Il sistema di Dublino persegue essenzialmente tre obiettivi.
Il primo obiettivo è umanitario: assicurare l’accesso ad una procedura d’asilo, in uno Stato membro, ad ogni persona che cerca protezione nell’Unione. A tal fine, il Regolamento Dublino stabilisce il principio (non banale) secondo il quale ogni domanda d’asilo presentata nell’Unione dev’essere esaminata da uno Stato membro (Stato responsabile).
Corollario: il Regolamento fissa i criteri per determinare qual è lo Stato responsabile per ogni domanda d’asilo, e stabilisce il contenuto di questa responsabilità (ammettere o riammettere il richiedente asilo, esaminare la sua domanda…).
Il secondo obiettivo è piuttosto un obiettivo di “gestione dell’immigrazione“: impedire che più Stati esaminino le domande depositate dallo stesso richiedente. A tal fine, il Regolamento stabilisce il principio che ogni domanda dev’essere di regola esaminata da un solo Stato, lo Stato responsabile.
Corollario: se la stessa persona presenta una domanda d’asilo in un altro Stato, o vi si reca senza autorizzazione, questo secondo Stato può trasferire il richiedente asilo allo Stato responsabile senza esaminare la domanda.
Terzo obiettivo – anch’esso di “gestione dei flussi”, e non esplicitamente richiamato nel preambolo del Regolamento: sottrarre al richiedente asilo la scelta del paese che esaminerà la sua domanda. A tal fine, il Regolamento stabilisce dei criteri di determinazione dello Stato responsabile che sono “oggettivi” (es.: è responsabile lo Stato dalle cui frontiere il richiedente è entrato irregolarmente nell’Unione), e che danno tutt’al più un rilievo secondario alla volontà dell’interessato.

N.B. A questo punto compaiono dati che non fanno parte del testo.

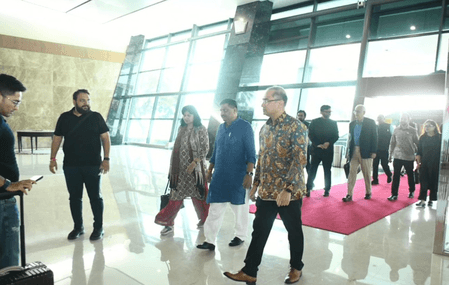 संजय झा के नेतृत्व में इंडोनेशिया पहुंचा सर्वदलीय प्रतिनिधिमंडल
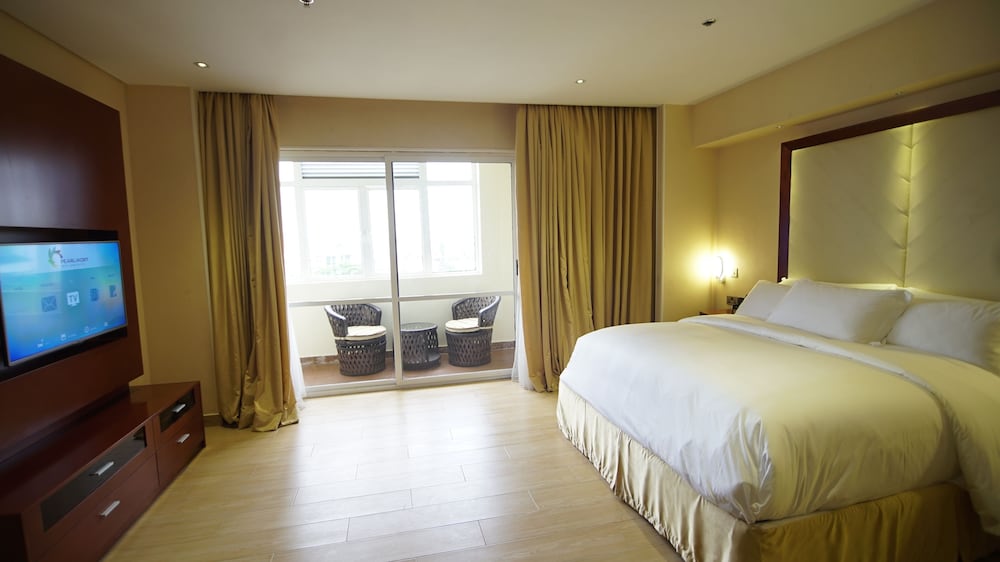 EXECUTIVE, SUITE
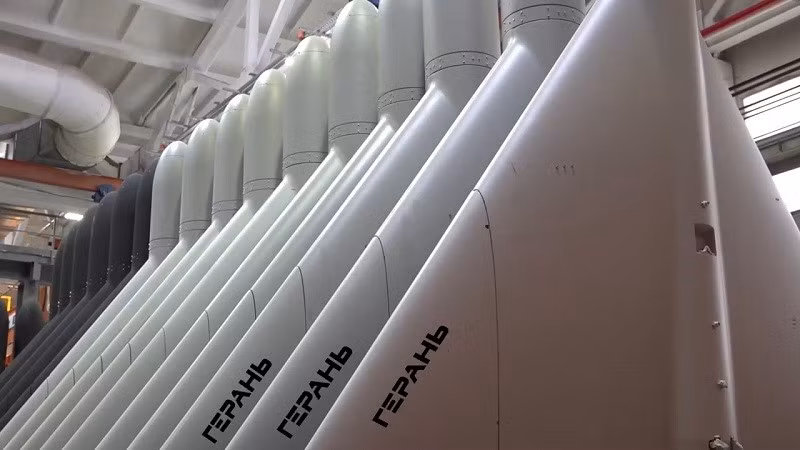 Theo tướng Syrskyi, hiện tại đối phương đang sản xuất 404 UAV Shahed các loại mỗi ngày, và có ý định tiếp tục tăng sản lượng này. uav-2.jpg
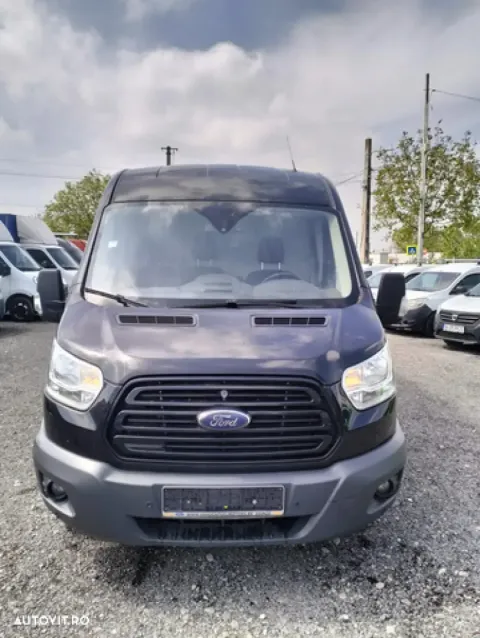 Ford Transit — poza 2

Sotto tutti questi aspetti, il sistema di Dublino è figlio del suo contesto storico. È stato elaborato negli anni ’80, in piena “crisi dell’asilo”. La diffusione del concetto di “paesi sicuri” nelle legislazioni nazionali aveva dato origine al fenomeno drammatico dei “rifugiati in orbita“: persone rinviate da uno Stato all’altro senza mai veder la loro domanda esaminata. Di qui, l’esigenza di garantire l’accesso alla procedura d’asilo almeno in uno Stato membro.
Peraltro, il sistema è stato concepito come “misura d’accompagnamento” all’abolizione delle frontiere interne. Il timore di un’esplosione delle domande multiple (e dunque dei costi associati per sistemi d’asilo già sotto pressione, e dell’uso abusivo delle domande multiple come mezzo semplice per prolungare il soggiorno in Europa) era ed è legato proprio all’assenza di controlli alle frontiere. Così come il timore – espresso soprattutto dagli Stati di destinazione del nordeuropa – di un regime di “libera scelta” de facto che li avrebbe svantaggiati: di qui la decisione di stabilire criteri “oggettivi” fondati, principalmente, sul criterio della responsabilità per l’ingresso del richiedente nell’Unione.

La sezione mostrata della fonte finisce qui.